The Geometry of Multi-Task Grokking: Transverse Instability, Superposition, and Weight Decay Phase Structure
Study shows multiplication generalizes first, addition last, with weight decay acting as compression pressure.
New research provides fundamental insights into how AI models learn multiple tasks simultaneously, revealing consistent patterns in the mysterious 'grokking' phenomenon where generalization occurs long after training appears complete. Researcher Yongzhong Xu's paper 'The Geometry of Multi-Task Grokking: Transverse Instability, Superposition, and Weight Decay Phase Structure' extends geometric analysis to multi-task settings, training shared-trunk Transformers on dual-task (mod-add + mod-mul) and tri-task (mod-add + mod-mul + mod-sq) objectives across systematic weight decay sweeps.
The study identifies five consistent phenomena: (1) Staggered grokking order where multiplication generalizes first, followed by squaring, then addition, with consistent delays across random seeds. (2) Universal integrability showing optimization trajectories remain confined to low-dimensional execution manifolds, with commutator defects orthogonal to these manifolds reliably preceding generalization. (3) Weight decay phase structure revealing how grokking timescale, curvature depth, reconstruction threshold, and defect lead covary systematically with weight decay, exposing distinct dynamical regimes and a sharp no-decay failure mode.

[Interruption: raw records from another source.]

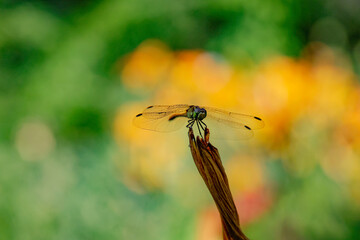 Fototapeta premium A dragonfly resting on a dry flower against an yellow green background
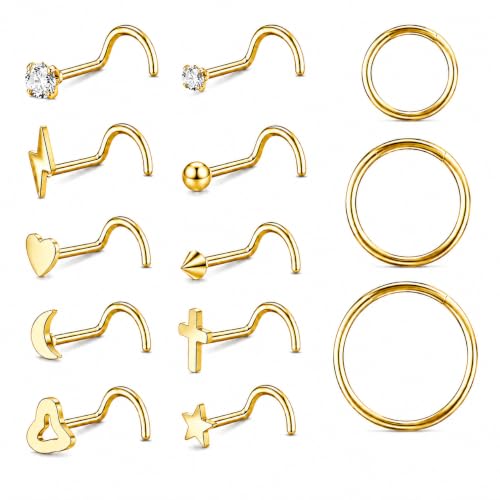 VerveVanguard 13PCS Nose Rings Set for Women Men, 18G Surgical Steel Stud & Hoop Set for Daily Wear, Hypoallergenic for Sensitive Skin, Comfortable for Nostril Cartilage Tragus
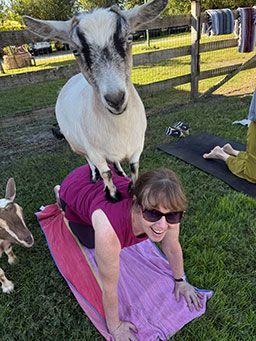 Bev doing yoga with goat Maybeline on her back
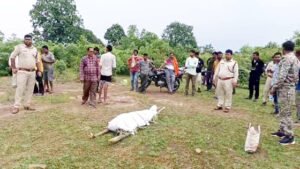 Chhattisgarh Crimes
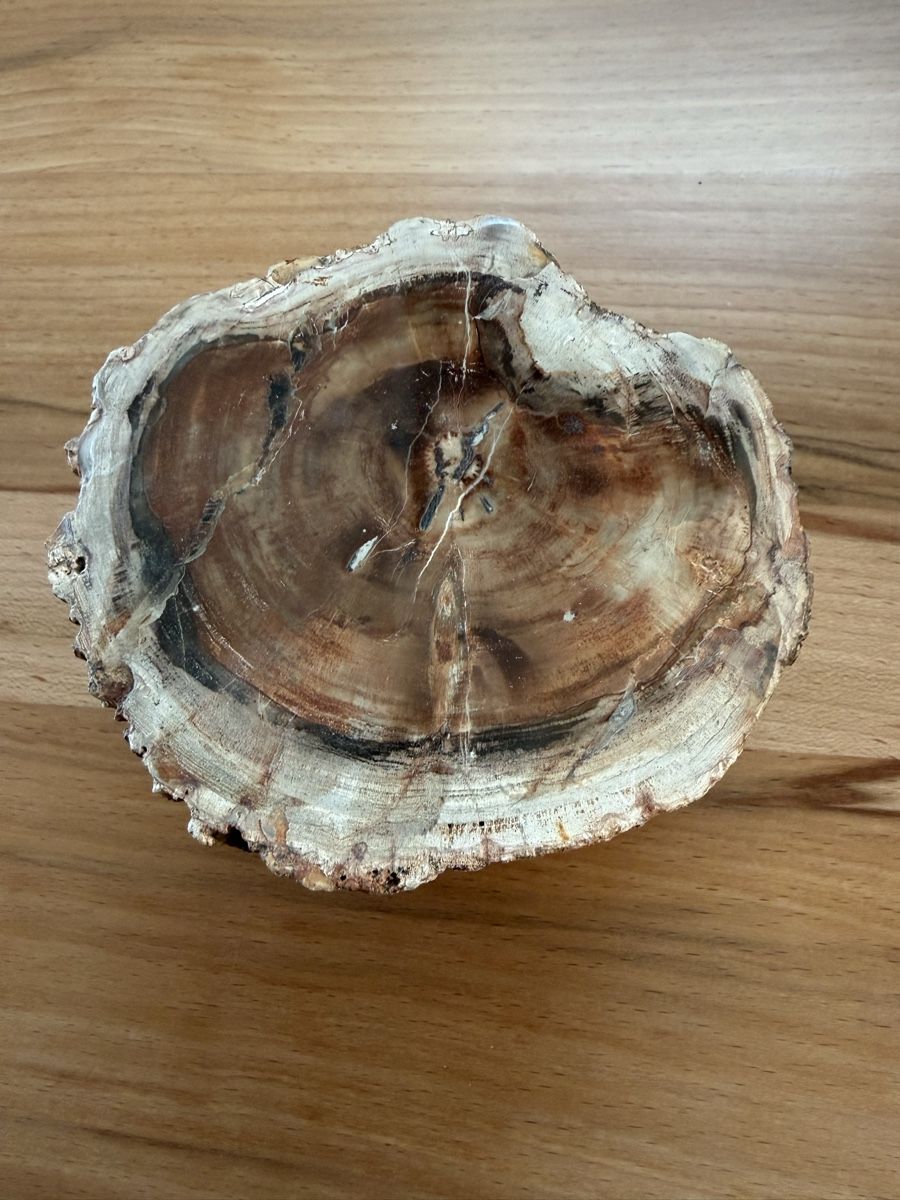 Fossili: Versteinertes Holz – Usato da Grenchen venduto da Bastet007 1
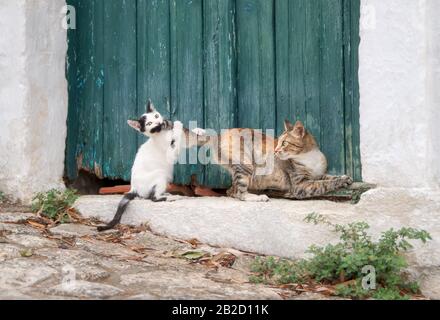 Funny baby cat kitten plays and chasing the tail of its mother in front of an old green wooden door in a Greek alleyway, Crete, Greece Stock Photo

Technical analysis shows final solutions occupy only 4-8 principal trajectory directions yet are distributed across full-rank weights, destroyed by minimal perturbations. The research demonstrates transverse fragility where removing less than 10% of orthogonal gradient components eliminates grokking, yet dual-task models exhibit partial recovery under extreme deletion, suggesting redundant center manifolds enabled by overparameterization. These findings support a dynamical picture where multi-task grokking constructs compact superposition subspaces in parameter space, with weight decay acting as compression pressure and excess parameters supplying geometric redundancy in optimization pathways.
- Multiplication generalizes first, addition last in consistent staggered grokking order across tasks
- Final solutions occupy only 4-8 principal directions but are destroyed by minimal perturbations
- Weight decay systematically impacts grokking dynamics, revealing distinct regimes and no-decay failure mode
Why It Matters
Provides fundamental insights into multi-task learning dynamics, potentially improving training efficiency and model architecture design.